Your task :: Skip all pictures; return exactly the lines from the one containing "Tinseltown Cream Lace" through the end of the data.

Entries provided ::
· · · ·
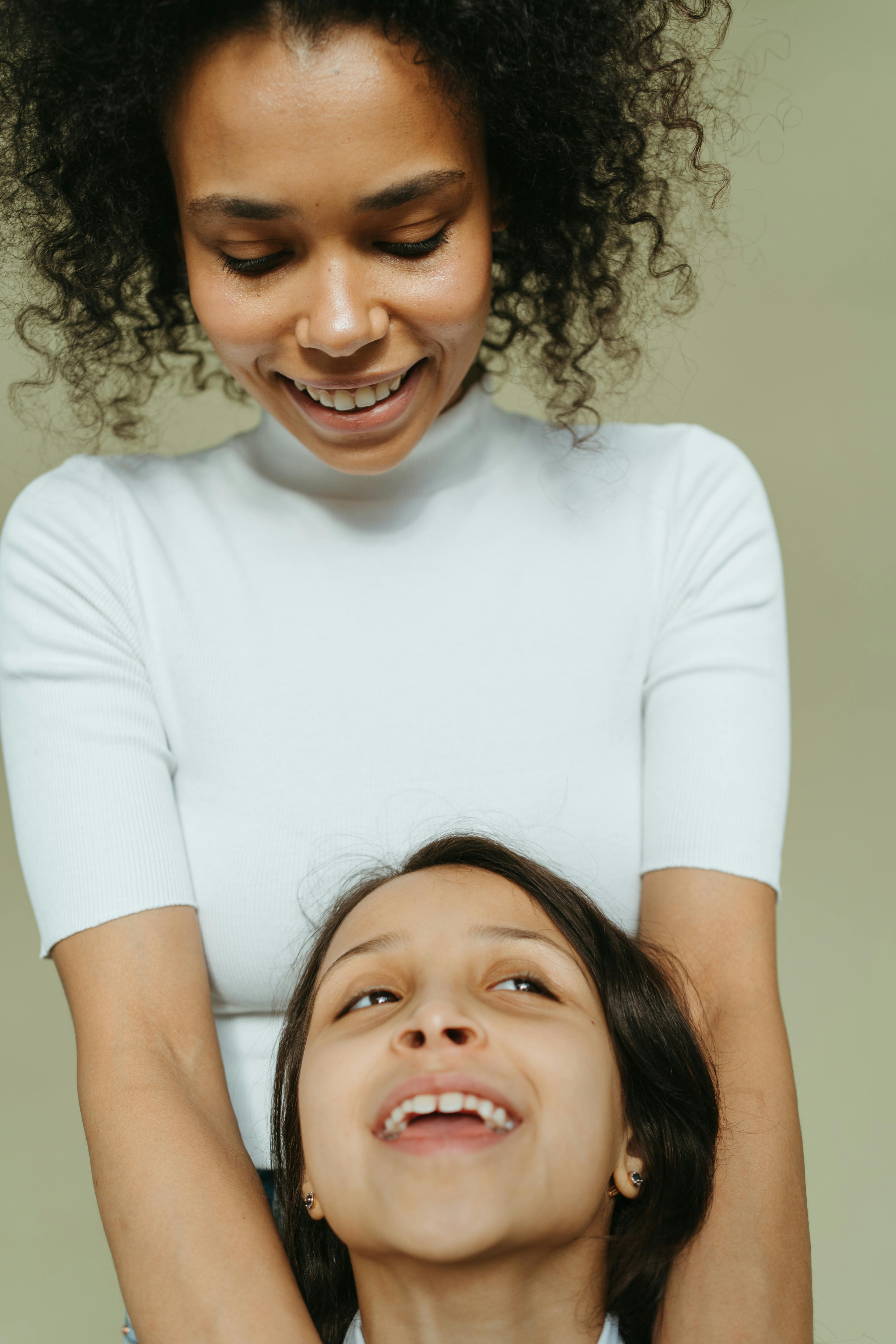 Une mère en train de tisser des liens avec son enfant | Source : Pexels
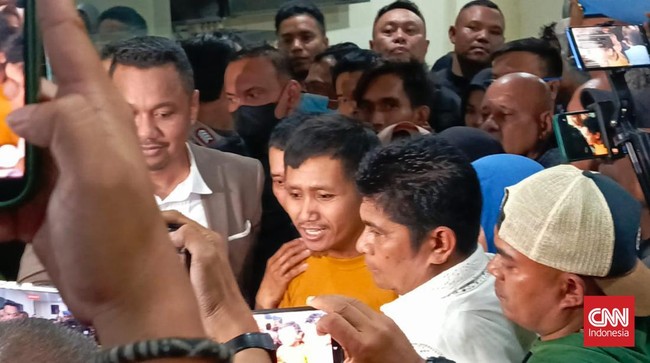 Pegi menceritakan momen ketika dirinya secara spontan membantah penetapan tersangka oleh Polda Jabar dalam sebuah konvensi pers, beberapa waktu lalu.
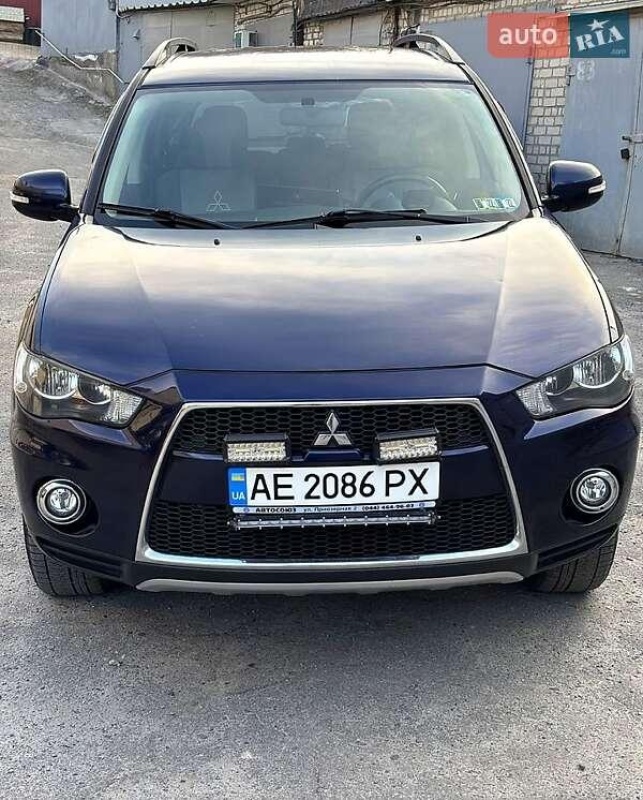 Mitsubishi Outlander 2013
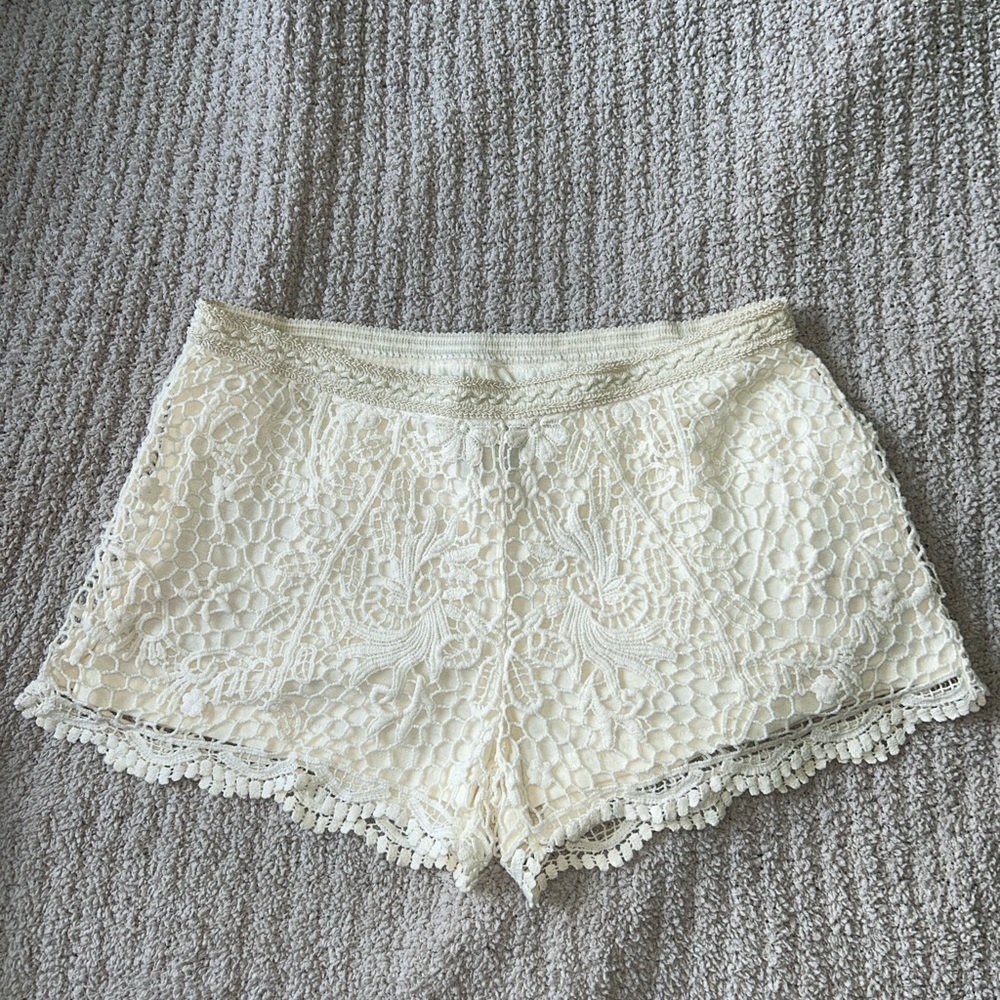 Tinseltown Cream Lace Shorts with Scalloped Trim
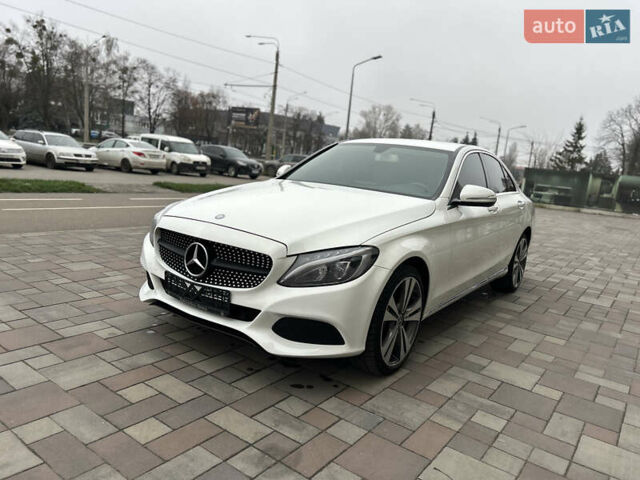 Білий Мерседес Ц-Клас, об'ємом двигуна 2 л та пробігом 165 тис. км за 17999 $, фото 1 на Automoto.ua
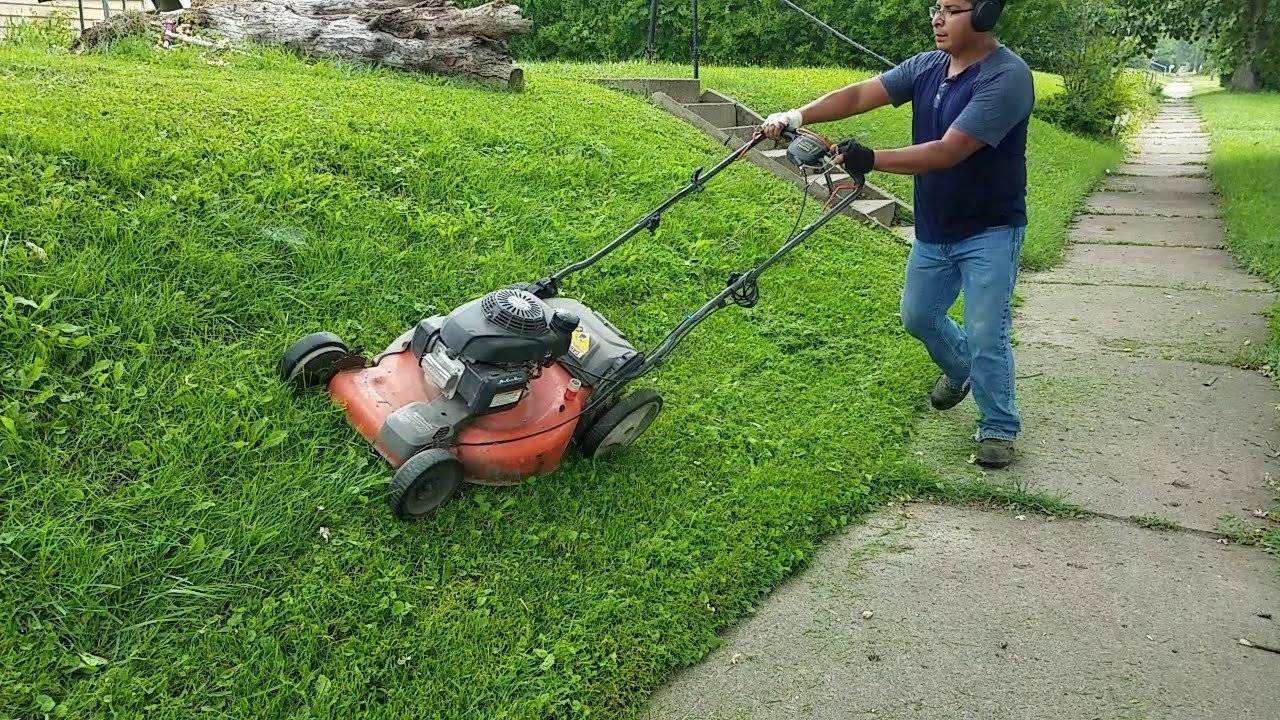 cuidados de una cortadora de pasto inalámbrica en terrenos inclinados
· · · ·
Output ::
 Tinseltown Cream Lace Shorts with Scalloped Trim
 Білий Мерседес Ц-Клас, об'ємом двигуна 2 л та пробігом 165 тис. км за 17999 $, фото 1 на Automoto.ua
 cuidados de una cortadora de pasto inalámbrica en terrenos inclinados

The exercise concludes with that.